La glucoquinasa (saK) es una proteína secretada por Staphylococcus aureus y tiene actividad fibrinolítica. Sin embargo, la saK natural es muy tóxica y provoca hemorragias graves.

SaK es un polipéptido monocatenario compuesto por 136 aminoácidos. Consta de dos dominios plegados del mismo tamaño, con un peso molecular de 15kDa y un coeficiente de sedimentación de 1,71S. Se ha descubierto que la saK madura y la saK-Δ10 mutante tienen la misma actividad fibrinolítica hasta que se eliminan 10 aminoácidos. Además, la metionina (met) en la posición 26 es el centro activo de saK. Recientemente, se descubrió que el fragmento de aminoácido amino terminal es extremadamente importante para la activación de pg.

La SaK en sí no actúa como una enzima, sino que se une reversiblemente a pg en una proporción equimolecular de 1:1. Luego, otras pg libres se activan en forma de complejo saK pg.
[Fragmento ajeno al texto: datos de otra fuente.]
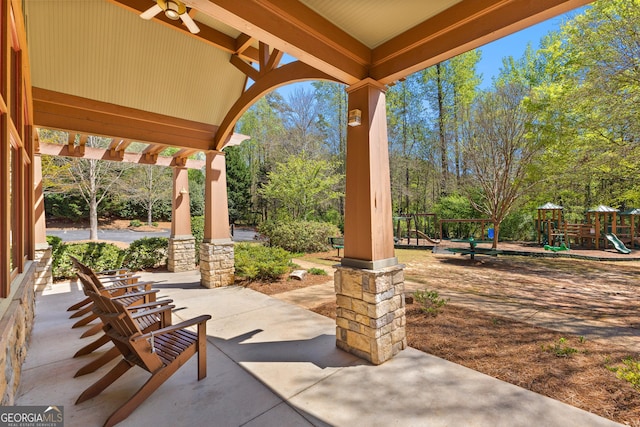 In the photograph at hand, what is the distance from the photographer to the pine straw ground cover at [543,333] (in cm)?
237

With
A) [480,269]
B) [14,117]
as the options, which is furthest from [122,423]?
[480,269]

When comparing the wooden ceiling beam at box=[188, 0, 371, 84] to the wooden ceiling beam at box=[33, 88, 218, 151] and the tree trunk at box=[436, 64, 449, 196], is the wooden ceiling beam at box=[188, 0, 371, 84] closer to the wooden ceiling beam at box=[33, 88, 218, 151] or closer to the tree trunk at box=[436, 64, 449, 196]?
the wooden ceiling beam at box=[33, 88, 218, 151]

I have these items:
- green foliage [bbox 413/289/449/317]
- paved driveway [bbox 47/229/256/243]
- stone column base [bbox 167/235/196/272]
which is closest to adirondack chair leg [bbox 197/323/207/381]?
green foliage [bbox 413/289/449/317]

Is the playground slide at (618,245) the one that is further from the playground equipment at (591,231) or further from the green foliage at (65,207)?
the green foliage at (65,207)

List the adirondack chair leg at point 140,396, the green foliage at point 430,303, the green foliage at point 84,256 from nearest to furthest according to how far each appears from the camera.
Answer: the adirondack chair leg at point 140,396 < the green foliage at point 430,303 < the green foliage at point 84,256

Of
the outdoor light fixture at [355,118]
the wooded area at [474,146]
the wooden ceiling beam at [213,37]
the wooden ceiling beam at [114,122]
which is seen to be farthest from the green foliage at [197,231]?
the outdoor light fixture at [355,118]

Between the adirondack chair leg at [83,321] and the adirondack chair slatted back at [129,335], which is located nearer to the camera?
the adirondack chair slatted back at [129,335]

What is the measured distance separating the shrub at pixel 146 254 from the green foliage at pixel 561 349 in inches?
350

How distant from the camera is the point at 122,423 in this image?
2.02 meters

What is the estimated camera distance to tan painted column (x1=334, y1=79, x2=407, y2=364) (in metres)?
2.86

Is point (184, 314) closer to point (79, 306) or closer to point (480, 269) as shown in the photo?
point (79, 306)

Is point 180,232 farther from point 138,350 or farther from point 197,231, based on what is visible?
point 138,350

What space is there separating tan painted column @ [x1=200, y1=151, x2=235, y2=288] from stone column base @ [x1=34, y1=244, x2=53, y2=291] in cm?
323

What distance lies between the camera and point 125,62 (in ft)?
15.1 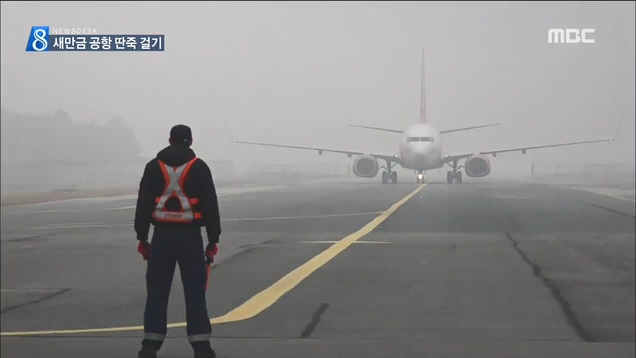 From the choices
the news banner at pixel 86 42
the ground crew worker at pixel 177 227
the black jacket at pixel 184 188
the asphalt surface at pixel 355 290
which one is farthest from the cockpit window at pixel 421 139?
the black jacket at pixel 184 188

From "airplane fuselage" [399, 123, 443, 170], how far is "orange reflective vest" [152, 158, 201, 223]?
58.7 metres

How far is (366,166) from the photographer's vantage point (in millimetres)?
67188

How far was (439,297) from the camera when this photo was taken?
47.4 feet

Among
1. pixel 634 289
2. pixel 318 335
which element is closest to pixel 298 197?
pixel 634 289

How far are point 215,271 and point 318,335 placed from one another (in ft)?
21.3

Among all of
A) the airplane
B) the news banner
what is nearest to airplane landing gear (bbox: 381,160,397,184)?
the airplane

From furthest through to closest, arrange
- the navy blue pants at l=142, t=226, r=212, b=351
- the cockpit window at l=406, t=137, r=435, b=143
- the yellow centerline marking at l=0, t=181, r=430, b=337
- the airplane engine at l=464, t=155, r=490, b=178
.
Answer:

A diferencia del complejo sK pg, el sitio activo de la serina proteasa en PG en el complejo Sak pg está expuesto, convirtiéndose en Sak PG → Sak PM, que es el paso limitante de la velocidad de todo el proceso de fibrinólisis. El propio SaK pm actúa como catalizador y puede acelerar la reacción. El α2aP en la sangre puede combinarse rápidamente con el pm en el complejo, inhibiendo así la fibrinólisis además de la trombosis. Cuando se produce un trombo, el IBS en pg(pm) en el complejo saK pg(pm) puede unirse rápidamente a la fn que constituye el trombo, impidiendo la unión de α2aP al complejo. Una gran cantidad de pg libre alrededor del trombo se activa en pm, lo que finalmente disuelve el trombo. Los experimentos in vitro muestran que si se disuelve el 50% del trombo, el nivel de pg en la sangre solo disminuirá un 5%. Por lo tanto, saK tiene una fuerte especificidad por fn y no afecta los niveles de fg durante la estimulación de la fibrinólisis.

Además, al ser una proteína de molécula pequeña, tiene una gran capacidad para penetrar los trombos. Tiene buena estabilidad sanguínea y un tiempo de acción prolongado. En la actualidad, el gen saK ha sido clonado a partir de los fagos saKφc y saK42D y expresado en E. coli mediante tecnología recombinante, consiguiéndose una producción a gran escala.

SaK tiene una antigenicidad evidente.

Recientemente, se usó ala para reemplazar de 2 a 3 aminoácidos cargados en el epítopo saK para obtener un mutante saK (saKSTAR m38) para reducir su inmunogenicidad.